TASK TO CARRY OUT: Find, in the records below, the line that contains "Manfinity Sport Streetwear" and the line that contains "Pre Owned Chanel". Copy those two lines and everything between them exactly, but not the pictures.

DATASET EXTRACT:
+ + + +
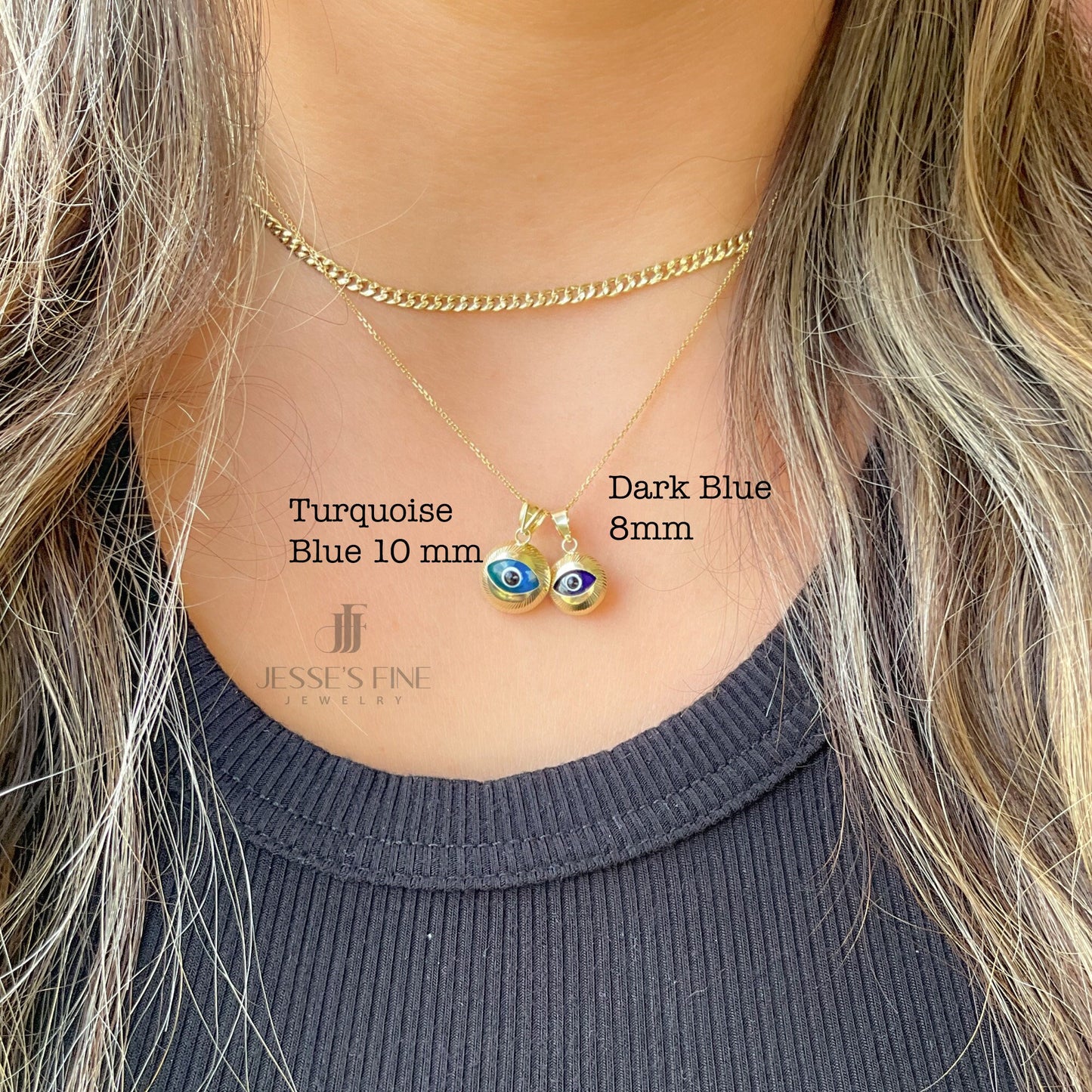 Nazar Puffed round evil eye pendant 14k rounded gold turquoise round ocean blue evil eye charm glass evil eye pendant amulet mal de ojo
+ + + +
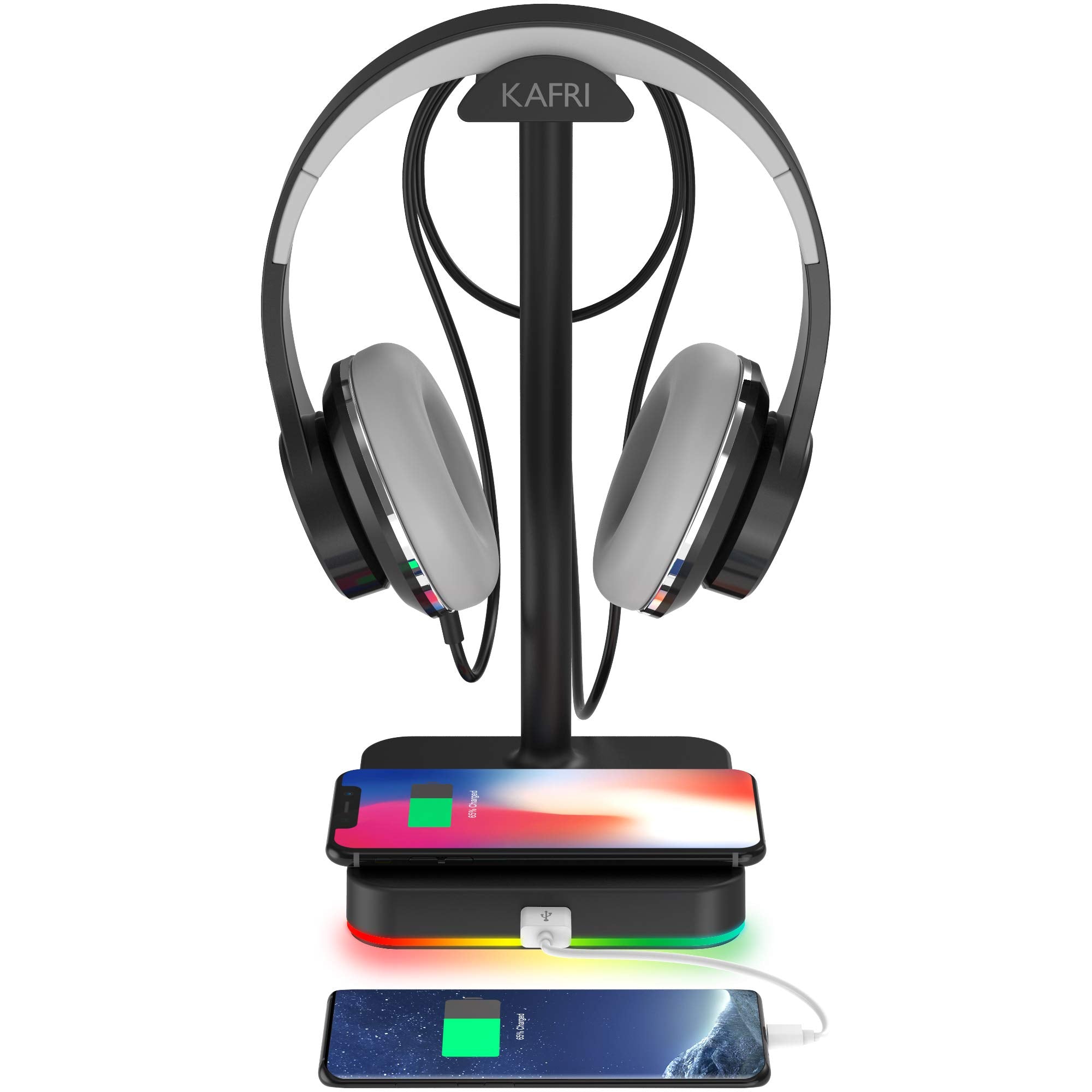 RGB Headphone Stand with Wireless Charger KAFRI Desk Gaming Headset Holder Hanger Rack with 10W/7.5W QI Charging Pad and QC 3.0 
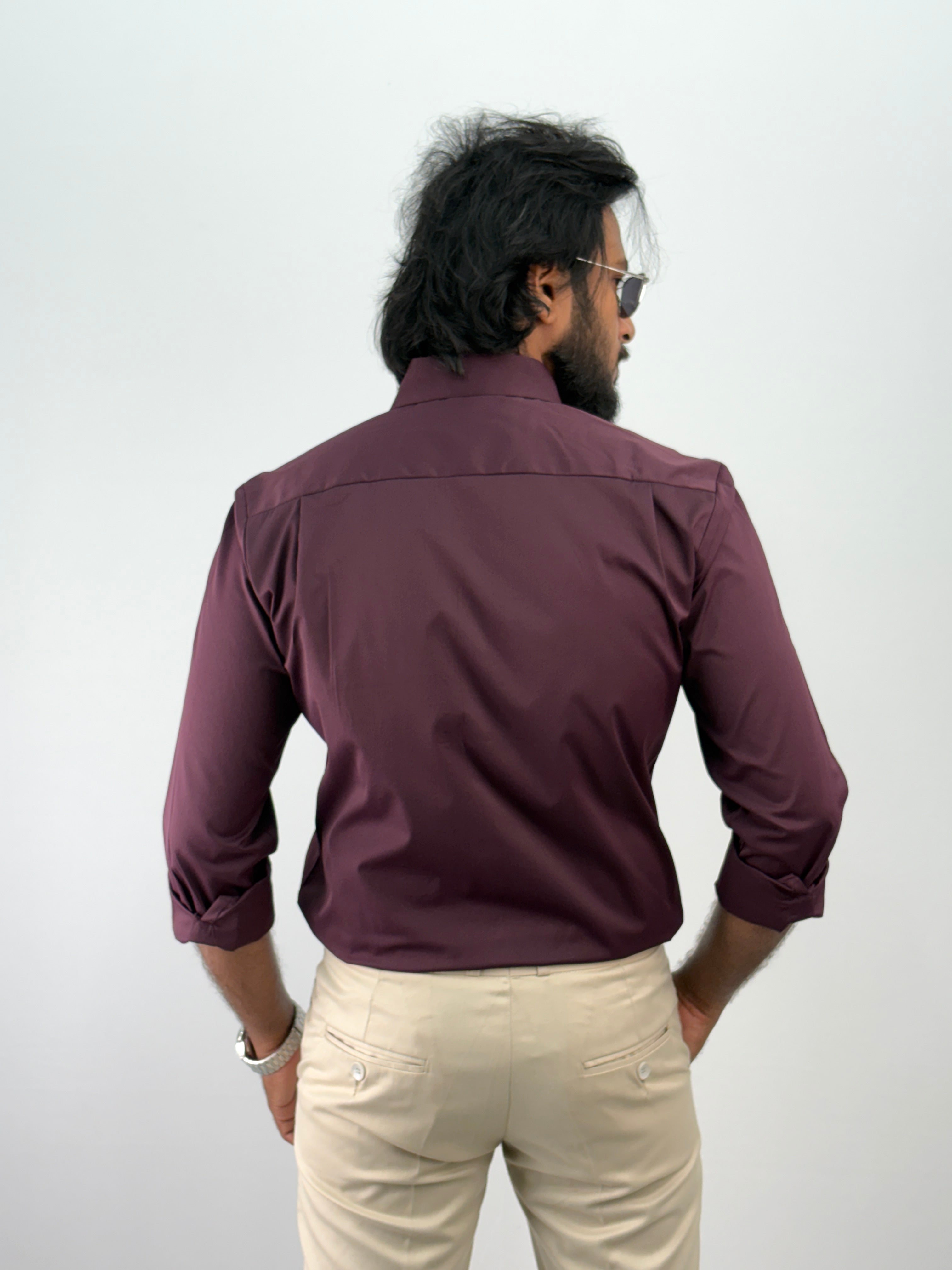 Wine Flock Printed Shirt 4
+ + + +
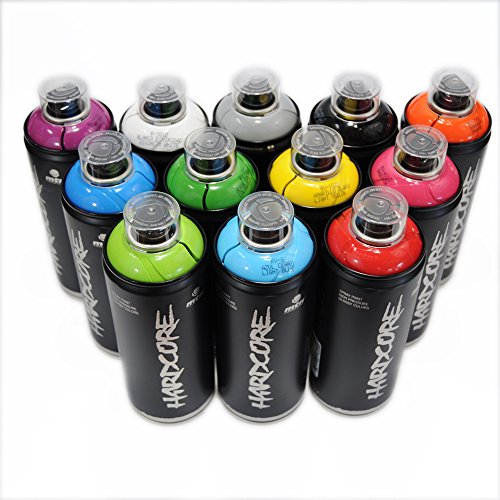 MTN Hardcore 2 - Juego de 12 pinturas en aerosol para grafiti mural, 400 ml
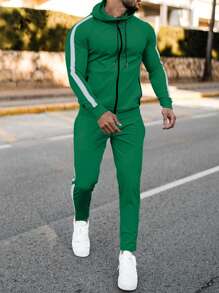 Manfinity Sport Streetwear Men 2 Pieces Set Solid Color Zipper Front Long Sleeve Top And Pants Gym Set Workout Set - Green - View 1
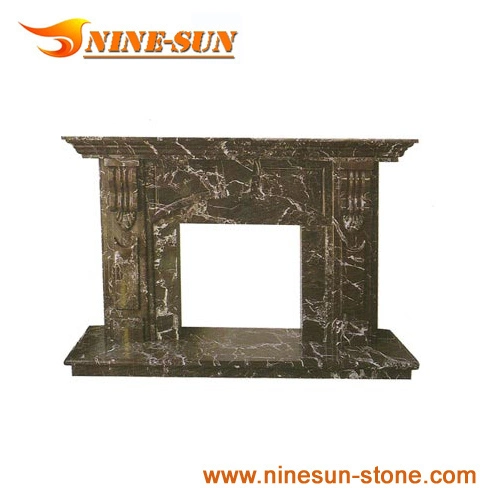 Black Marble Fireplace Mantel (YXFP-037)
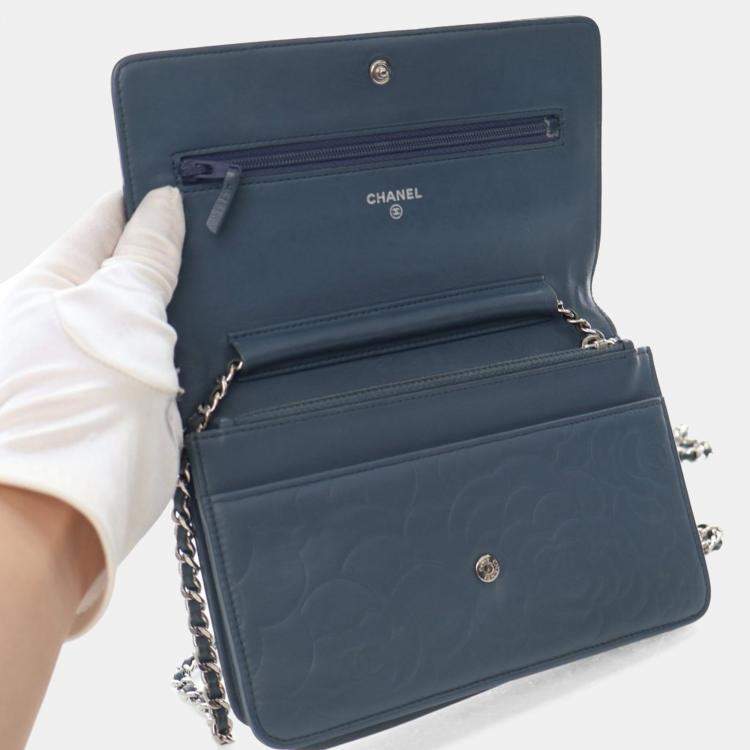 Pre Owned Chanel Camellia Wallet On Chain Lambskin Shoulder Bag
+ + + +
ANSWER TO THE EXERCISE:
 Manfinity Sport Streetwear Men 2 Pieces Set Solid Color Zipper Front Long Sleeve Top And Pants Gym Set Workout Set - Green - View 1
 Black Marble Fireplace Mantel (YXFP-037)
 Pre Owned Chanel Camellia Wallet On Chain Lambskin Shoulder Bag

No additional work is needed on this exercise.